Co-productions significantly reduce risk; where one production company might be unwilling to assume debt on a single film, three companies can share the risk and bring different financial resources to the project, such as country-specific tax incentives and investors. In an industry built upon the assumption of risk, a co-production can mean the difference between development purgatory and getting a film made.
Furthermore, co-productions can receive aid of up to 60% of the production budget.
Rebecca O'Brien, a producer on I, Daniel Blake, said that the success of co-productions is exactly the international cooperation for which Europe at large should strive. "The Euro film community working together in co-productions is a really good example of how Europe can work," O'Brien said. "This cultural example is what we should be following."
2. Decline in British cinema—both in quality and quantity
Creative Europe Media, the EU-supported film and TV financing program responsible for 26 films that played at Cannes this year, contributes a significant amount of money to British filmmakers.

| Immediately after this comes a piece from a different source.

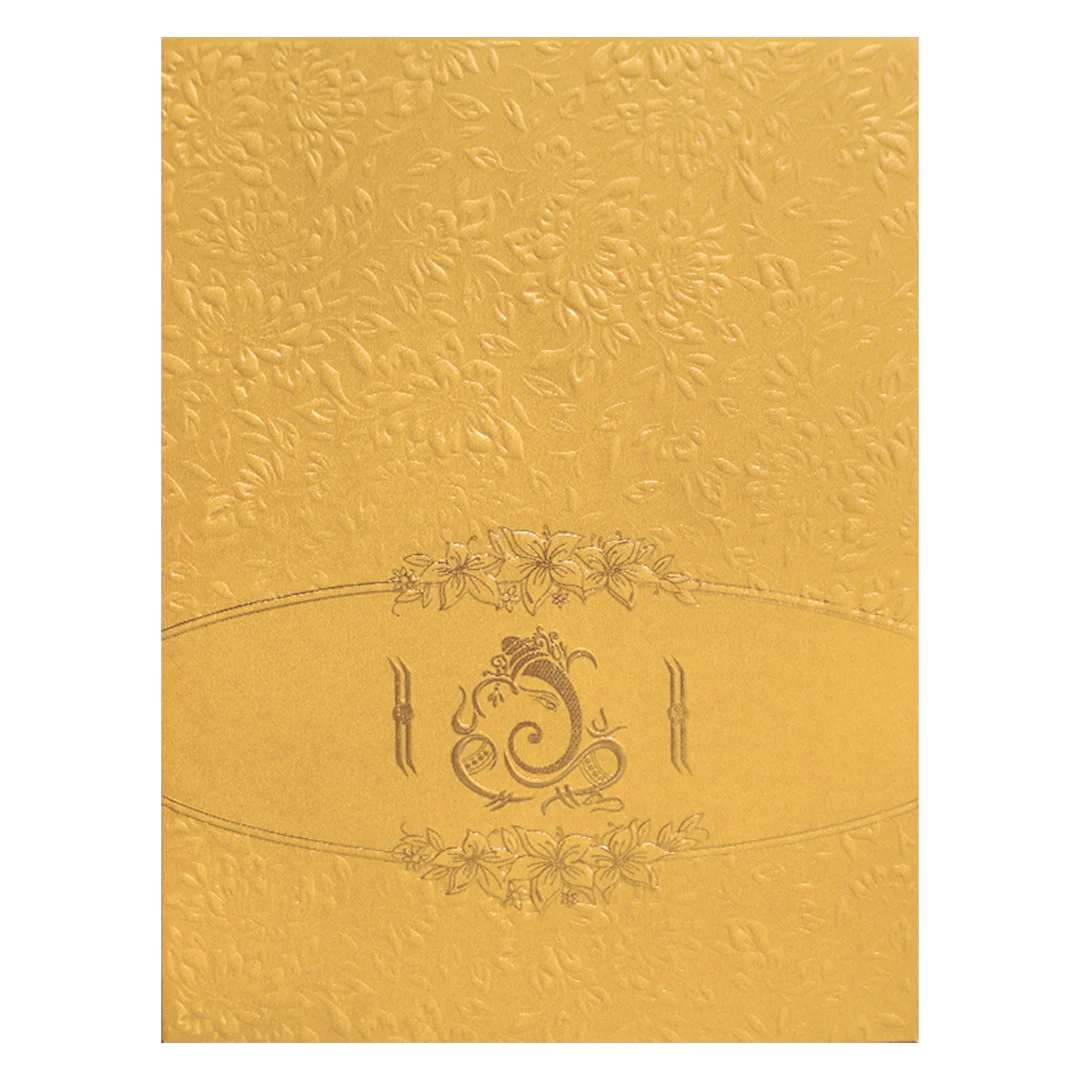 Golden Shimmery Ganesha Wedding Card-KNK2293 - Image 3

Between 2007 and 2015, it contributed €130 million to the film industry, contributing to production budgets, distributors, and festivals alike. Without this financial support, British movies will inevitably see a decline in production.
As it stands, only a small fraction of British films are profitable; just 7% of UK films made from 2003 to 2010 saw returns for investors. The loss of public money from CEM will likely result in production companies and investors prioritizing box office yield over creative risk-taking.

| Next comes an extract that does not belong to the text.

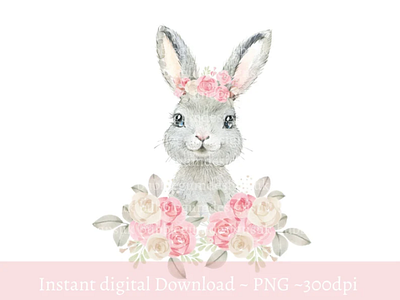 Grey Bunny Pink Floral PNG, Watercolor Easter Bunny Sublimation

After Brexit, the UK will be forced to re-negotiate quotas and taxes for exports to the EU. In 2015, the UK exported 41% of its movies to the EU, surpassing its American exports. Imminent financial pressures will likely diminish UK film exports, thereby disincentivizing production.
The Creative Industries Federation, which represents British creative industries, voted 96% in favor of Remain for these very reasons. British film industry stalwarts Patrick Stewart, Benedict Cumberbatch, Chiwetel Ejiofor, Keira Knightley, Jude Law, and director Steve McQueen penned a letter stating that their country's "global creative success would be severely weakened by walking away."

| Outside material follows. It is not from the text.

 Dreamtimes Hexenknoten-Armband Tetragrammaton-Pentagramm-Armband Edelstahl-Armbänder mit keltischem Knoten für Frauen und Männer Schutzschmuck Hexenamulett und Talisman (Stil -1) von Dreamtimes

3. UK may no longer be a top international filming destination
A recent study by FilmLA found that the UK's total production budget spending exceeded that of California by 150%. And according to the British Film Institute, the UK was the second largest film market in the world in 2014. But with a likely economic downturn in the country, these numbers could fall dramatically—and that's not just bad news for the UK.
Last year, 37 Hollywood films, including Star Wars: The Force Awakens, Jupiter Ascending, and Avengers: Age Of Ultron, were shot in the UK. These films accounted for the majority of UK production spend and saved American productions millions of dollars due to attractive tax incentives. Much of Game of Thrones, including last week's epic "Battle of the Bastards," is filmed in Northern Ireland due to the support of the European Regional Development Fund. A cocktail of less valuable tax incentives and a recession in the UK resulting in fewer production facilities could limit the feasibility (and desirability) of American productions set on UK soil.
"As of today, we no longer know how our relationships with co-producers, financiers, and distributors will work," Ryan continued, "whether new taxes will be dropped on our activities in the rest of Europe, or how production financing is going to be raised without any input from European funding agencies.... This is likely to be devastating for us."